用简单的Dom模型进行php刮擦

include('simple_html_dom.php');

  function curl_set($url){
   $ch = curl_init($url);
    curl_setopt($ch, CURLOPT_RETURNTRANSFER, true);
    $result = curl_exec($ch); 
    return $result;  
   }

    $curl_scraped_page = curl_set('http://www.belmontwine.com/site-map.html');
    $html = new simple_html_dom();
    $html->load($curl_scraped_page, true, false);

    $i = 0; 
    $ab = array();
    $files = array();
         foreach($html->find('td[class=site-map]') as $td) {
           foreach($td->find('li a') as $a) {
         if($i<=2){
               $ab = 'http://www.belmontwine.com'.$a->href;
                   $html = file_get_html($ab);
            foreach($html->find('td[class=pageheader]') as $file) {
               $files[] = $file->innertext;
           }

          } 
        else{
          //exit();
         }    
          $i++;
        }
        $html->clear();
     }

print_r($files);

Above is my code i need help to scrap site with php.

$ab variable contain the urls that are scraped from the site.i want to scrap data from those URL. I don't know whats wrong with script. The desired output be the url passed by $ab.. but it is not returning anything..just a continous loop...

Need help with it

You have a run away program because once you are inside the if($i<=2) section you never increment the i variable. Right now your i++ is in the wrong place. I don't know why you want to limit the finds to 3 or less but you need to remember to reset the i variable to 0 also, which you are not doing at all.

EDIT:

I don't use the class 'simple_html_dom.php' so I don't know it very well. And I don't know what you want to do with each link found. And I can't do the work for you. I came up with this sample php script that grabs all the links from your site-map page. It creates an array consisting of the link title and href path. The last foreach loop just prints the array for now but you could use that loop to process each path found.

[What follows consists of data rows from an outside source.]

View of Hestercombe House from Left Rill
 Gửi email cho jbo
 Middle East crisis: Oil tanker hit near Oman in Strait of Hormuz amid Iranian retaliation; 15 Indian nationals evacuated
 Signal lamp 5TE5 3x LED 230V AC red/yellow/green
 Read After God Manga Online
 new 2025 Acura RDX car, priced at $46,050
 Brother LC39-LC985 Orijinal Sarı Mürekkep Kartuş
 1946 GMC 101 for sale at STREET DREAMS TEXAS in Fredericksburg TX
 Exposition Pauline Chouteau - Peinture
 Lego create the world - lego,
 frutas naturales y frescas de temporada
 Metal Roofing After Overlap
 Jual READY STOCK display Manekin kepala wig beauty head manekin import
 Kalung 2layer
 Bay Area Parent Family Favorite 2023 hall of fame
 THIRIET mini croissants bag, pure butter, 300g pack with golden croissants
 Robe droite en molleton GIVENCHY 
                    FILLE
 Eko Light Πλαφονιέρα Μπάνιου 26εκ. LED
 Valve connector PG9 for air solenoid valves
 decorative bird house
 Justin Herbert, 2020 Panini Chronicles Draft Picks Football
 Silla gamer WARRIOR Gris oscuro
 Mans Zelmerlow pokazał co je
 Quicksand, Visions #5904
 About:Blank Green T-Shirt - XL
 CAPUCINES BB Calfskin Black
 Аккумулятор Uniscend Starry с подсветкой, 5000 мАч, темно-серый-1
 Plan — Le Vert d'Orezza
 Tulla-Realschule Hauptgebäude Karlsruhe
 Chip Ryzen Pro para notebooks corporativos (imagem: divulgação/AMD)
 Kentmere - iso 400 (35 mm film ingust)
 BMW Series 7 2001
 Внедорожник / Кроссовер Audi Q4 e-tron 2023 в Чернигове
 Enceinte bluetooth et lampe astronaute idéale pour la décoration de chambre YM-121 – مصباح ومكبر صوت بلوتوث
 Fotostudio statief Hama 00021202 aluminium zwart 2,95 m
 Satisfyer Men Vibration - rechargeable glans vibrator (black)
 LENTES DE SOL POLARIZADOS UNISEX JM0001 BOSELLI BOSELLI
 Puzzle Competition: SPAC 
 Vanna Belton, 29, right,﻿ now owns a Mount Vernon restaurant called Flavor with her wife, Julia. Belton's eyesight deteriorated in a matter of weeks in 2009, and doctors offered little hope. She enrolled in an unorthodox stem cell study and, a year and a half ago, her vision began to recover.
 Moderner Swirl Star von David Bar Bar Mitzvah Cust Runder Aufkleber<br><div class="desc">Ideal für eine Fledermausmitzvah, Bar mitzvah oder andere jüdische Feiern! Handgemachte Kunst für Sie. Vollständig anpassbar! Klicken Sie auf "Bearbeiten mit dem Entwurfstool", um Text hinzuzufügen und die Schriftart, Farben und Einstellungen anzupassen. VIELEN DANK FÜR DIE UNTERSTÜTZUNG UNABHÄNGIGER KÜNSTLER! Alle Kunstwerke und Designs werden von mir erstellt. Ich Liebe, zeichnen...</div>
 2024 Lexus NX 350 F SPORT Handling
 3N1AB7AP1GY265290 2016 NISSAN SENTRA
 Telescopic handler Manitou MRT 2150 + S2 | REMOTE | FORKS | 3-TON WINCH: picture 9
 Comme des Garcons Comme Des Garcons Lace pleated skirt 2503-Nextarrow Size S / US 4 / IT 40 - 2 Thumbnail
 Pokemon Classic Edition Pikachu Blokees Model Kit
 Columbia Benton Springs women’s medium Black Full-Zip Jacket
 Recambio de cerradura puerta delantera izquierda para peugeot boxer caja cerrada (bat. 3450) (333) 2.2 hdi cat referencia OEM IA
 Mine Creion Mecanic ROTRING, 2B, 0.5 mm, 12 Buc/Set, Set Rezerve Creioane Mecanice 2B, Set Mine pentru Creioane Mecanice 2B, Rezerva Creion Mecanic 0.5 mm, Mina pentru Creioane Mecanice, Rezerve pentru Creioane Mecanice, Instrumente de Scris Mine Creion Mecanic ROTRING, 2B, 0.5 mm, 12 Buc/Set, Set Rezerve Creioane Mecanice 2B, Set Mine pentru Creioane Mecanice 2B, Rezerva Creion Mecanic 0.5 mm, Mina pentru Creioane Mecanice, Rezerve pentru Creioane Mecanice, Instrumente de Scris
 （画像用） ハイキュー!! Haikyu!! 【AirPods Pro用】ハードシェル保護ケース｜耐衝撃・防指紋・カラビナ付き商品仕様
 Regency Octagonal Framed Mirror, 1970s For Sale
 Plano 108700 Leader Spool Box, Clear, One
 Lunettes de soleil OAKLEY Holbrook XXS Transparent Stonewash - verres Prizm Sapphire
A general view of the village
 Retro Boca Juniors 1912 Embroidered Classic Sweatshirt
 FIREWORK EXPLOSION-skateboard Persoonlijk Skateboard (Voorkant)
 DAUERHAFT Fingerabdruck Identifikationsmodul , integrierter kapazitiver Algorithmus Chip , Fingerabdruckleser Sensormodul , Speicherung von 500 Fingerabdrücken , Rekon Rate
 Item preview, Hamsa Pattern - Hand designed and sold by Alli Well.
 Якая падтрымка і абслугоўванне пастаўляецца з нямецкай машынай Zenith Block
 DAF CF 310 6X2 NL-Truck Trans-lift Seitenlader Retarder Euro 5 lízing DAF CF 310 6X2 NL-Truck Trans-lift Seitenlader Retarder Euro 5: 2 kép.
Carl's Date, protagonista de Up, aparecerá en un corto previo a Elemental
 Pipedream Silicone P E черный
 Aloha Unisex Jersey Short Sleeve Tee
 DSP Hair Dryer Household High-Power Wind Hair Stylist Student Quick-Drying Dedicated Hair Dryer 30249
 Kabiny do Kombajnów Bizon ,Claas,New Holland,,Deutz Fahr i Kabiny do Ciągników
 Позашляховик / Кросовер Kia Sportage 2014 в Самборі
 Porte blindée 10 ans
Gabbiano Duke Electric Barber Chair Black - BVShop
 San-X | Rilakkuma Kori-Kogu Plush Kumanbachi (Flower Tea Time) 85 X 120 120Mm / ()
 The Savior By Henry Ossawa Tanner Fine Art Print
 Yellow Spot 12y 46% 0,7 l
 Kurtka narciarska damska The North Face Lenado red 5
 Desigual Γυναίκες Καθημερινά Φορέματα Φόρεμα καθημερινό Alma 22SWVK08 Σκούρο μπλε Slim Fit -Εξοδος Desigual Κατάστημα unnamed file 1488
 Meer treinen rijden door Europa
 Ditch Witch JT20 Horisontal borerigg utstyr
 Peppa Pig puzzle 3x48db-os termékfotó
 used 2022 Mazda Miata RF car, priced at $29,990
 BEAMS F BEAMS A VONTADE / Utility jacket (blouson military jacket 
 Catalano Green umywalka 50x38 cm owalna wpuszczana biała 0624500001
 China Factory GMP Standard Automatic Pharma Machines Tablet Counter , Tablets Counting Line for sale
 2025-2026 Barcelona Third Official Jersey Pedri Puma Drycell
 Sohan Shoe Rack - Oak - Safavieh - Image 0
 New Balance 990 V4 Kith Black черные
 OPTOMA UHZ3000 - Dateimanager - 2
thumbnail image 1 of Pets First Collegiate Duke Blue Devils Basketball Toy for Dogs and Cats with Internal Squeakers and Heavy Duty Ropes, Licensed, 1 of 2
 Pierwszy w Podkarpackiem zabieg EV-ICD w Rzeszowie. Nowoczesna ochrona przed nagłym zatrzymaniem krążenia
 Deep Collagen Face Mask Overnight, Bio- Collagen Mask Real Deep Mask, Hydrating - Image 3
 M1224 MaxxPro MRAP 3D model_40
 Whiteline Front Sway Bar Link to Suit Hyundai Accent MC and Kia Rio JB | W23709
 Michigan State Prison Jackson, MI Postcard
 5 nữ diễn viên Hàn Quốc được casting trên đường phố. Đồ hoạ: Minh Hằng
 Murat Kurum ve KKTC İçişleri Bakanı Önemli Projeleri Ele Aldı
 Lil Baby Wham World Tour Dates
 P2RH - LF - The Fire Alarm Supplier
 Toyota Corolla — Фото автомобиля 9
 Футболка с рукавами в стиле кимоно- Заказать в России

include('simple_html_dom.php');

$files = array();
$html = file_get_html('http://www.belmontwine.com/site-map.html');
foreach($html->find('td[class=site-map]') as $td)
{
 foreach($td->find('li a') as $a)
 {
  if($a->plaintext != '')
  {
   $files["$a->plaintext"] = "http://www.belmontwine.com/$a->href";
  }
 }
}
// To print $files array or to process each link found
foreach($files as $title => $path)
{
 echo('Title: ' . $title . ' - Path: ' . $path . '<br>' . PHP_EOL);
}

Also, not every link found is an html file, at least 1 is a pdf so be sure to test for that in your code.